Photo: Roma Black/Shutterstock

15 Signs You’re a Freelancer

by Bryce Emley Apr 15, 2014
1. You have unrealistic concepts of time.

No, that post can’t be written in 20 minutes. That article will really take 3 hours with edits. That blog series will need to be rewritten, twice, so don’t even try to estimate it. Wait, it’s 4:50? I can fit in another draft…

2. You’re actually afraid of hemorrhoids.
3. There’s a novel/memoir/poetry collection/etc. in your digital back pocket.

No writer got into writing so they could do copy or content or columns for the rest of their lives. This was just the thing that paid.

4. Some days, walking to the bathroom is your only form of exercise.
5. You resent portrayals of writers.

Freelancers are a completely different beast from the pigeonholed writers you see on screens, usually somewhere well between the self-destructive Robert-Downey-Jr.-Zodiac journalist and the tortured-academic-Jeff-Daniels-Squid-and-the-Whale novelist.

6. You resent the success of fictitious writers.

Most of us work hoping to eventually make an income that resembles middle class, so when Hannah Horvath gets a book deal or Owen Wilson gets his novel praised by Gertrude Stein, you start making up reasons why it would ‘never happen like that’ in real life — even if Midnight in Paris could feasibly happen.

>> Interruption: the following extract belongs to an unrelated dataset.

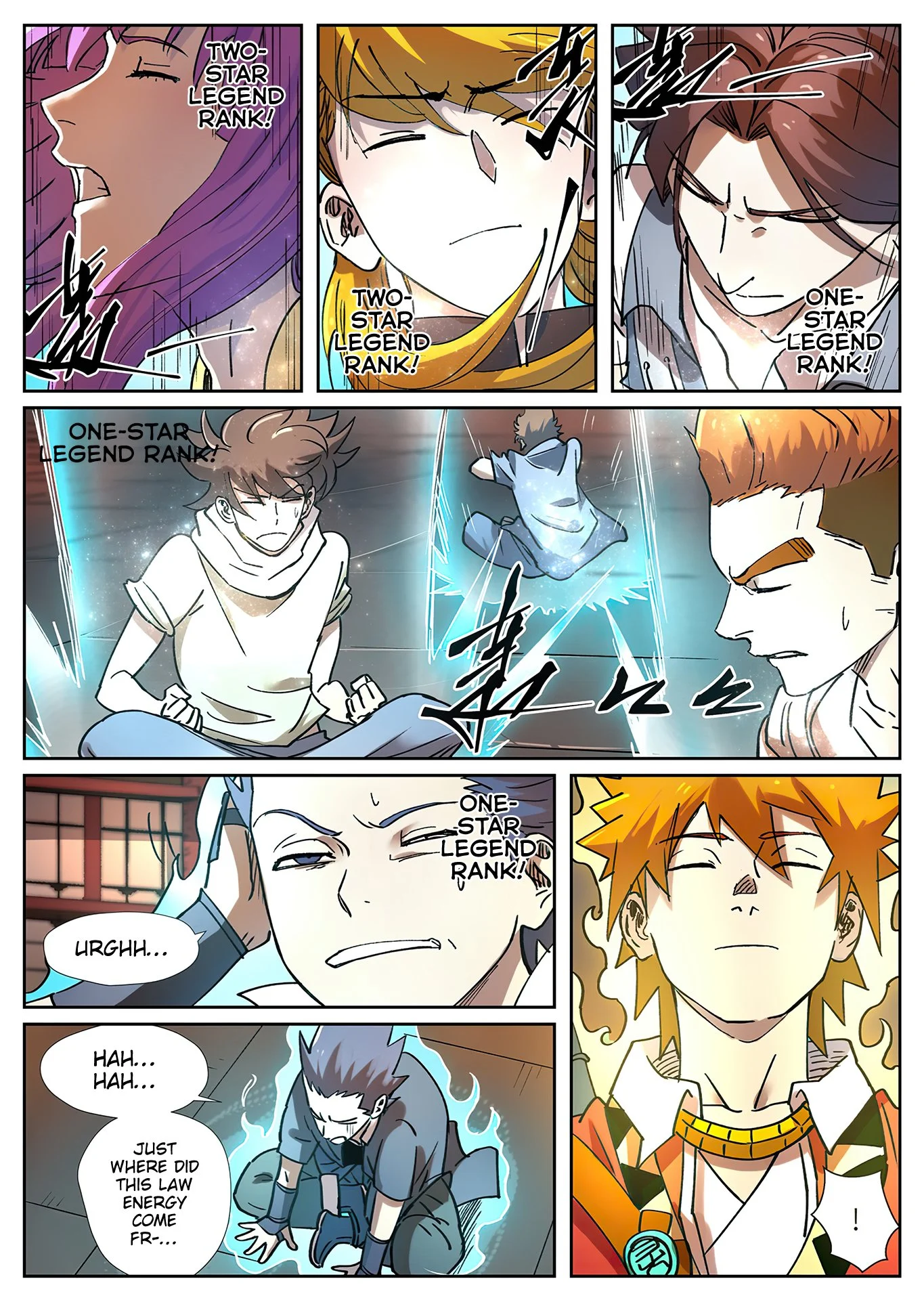 Read Tales of Demons and Gods EN Manga Online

7. You’re really tired of explaining to people ‘what you do.’

“So, what do you do?”

“…I’m a [muffled response].”

“A what?”

“…I’m a — uh, freelance writer.”

“Wow, that’s cool. I wouldn’t have pinned you for a writer; you look nothing like Ethan Hawke.”

“…”

“So, like, who do you write for?”

“Some websites you don’t know and some magazines you don’t read and a few companies you can pretend you’ve heard of.”

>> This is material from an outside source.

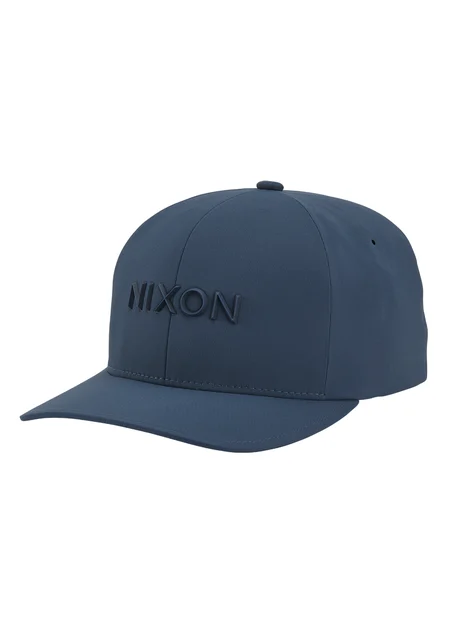 Nixon US Delta Flexfit Hat - Horizon Blue C3113-3439-22 kol saati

“Cool. I’m gunna wait silently for someone else to talk to me.”

8. You’re really tired of explaining ‘what sort of stuff you write.’

“So, what do you do?”

“I’m a…writer.”

“Cool.”

“…”

“So, like, what sort of stuff do you write?”

“Like, everything.”

“Like, novels and stuff?”

“Uh, well yeah, but, not for, like, work.”

“Oh. Then what do you write?”

“Oh, you know, like — blogs and emails and articles and stuff.”

“That’s a job?”

“…”

9. You’ve had free business cards made so you can enter contests for free lunch.
10. You have a ‘system’ for your clothes.

To go with the sweatpants/shorts and hoodie that are worn constantly and never washed, there’s the comfortable ‘work’ t-shirt and underwear that get cycled once a week, and if I actually leave the house I put on ‘real’ clothes then change back into the ‘work’ ones later, meaning I live in my version of pajamas. Is this just me? Great.

11. You think you’re a lot better at scheduling than you really are.

Whoops, didn’t account for the 16 urgent emails, chatty mailman, extra episode of Frisky Dingo at lunch, and the dog vomiting on the laundry after eating your underwear — the ‘real’ underwear you left out because you only wore them for like an hour yesterday before changing back into your ‘work’ underwear, and you were going to wear them out again tonight.

12. You’re irrationally snobbish about your work hours.

On one hand, you can’t go back to an office job because it’s so liberating to not have to wake up on time or stay late or have a standard workweek — but then you end up waking at 8:30, cutting out at 5, and taking weekends off, anyway. Somehow it’s different, though, I swear.

13. You’re irrationally snobbish about your schedule.

One of the best things about freelancing is working your own schedule. I can work any days I want! Woo! And then you have to have an errand day in the middle of the week under constant, pulse-throbbing anxiety because it’s killing you to take an entire day off.

14.You’ve forgotten how awful commuting is.

One day your internet goes out and you have to drive to a café eight minutes away, and you curse the whole way because of all the time it’s wasting.

15. The idea of buying lunch is absurd.

I still can’t shake the feeling that I’m making a big mistake even when I eat lunch out while traveling. Such is being spoiled by having leftovers and an entire kitchen at your disposal with no set lunch hours.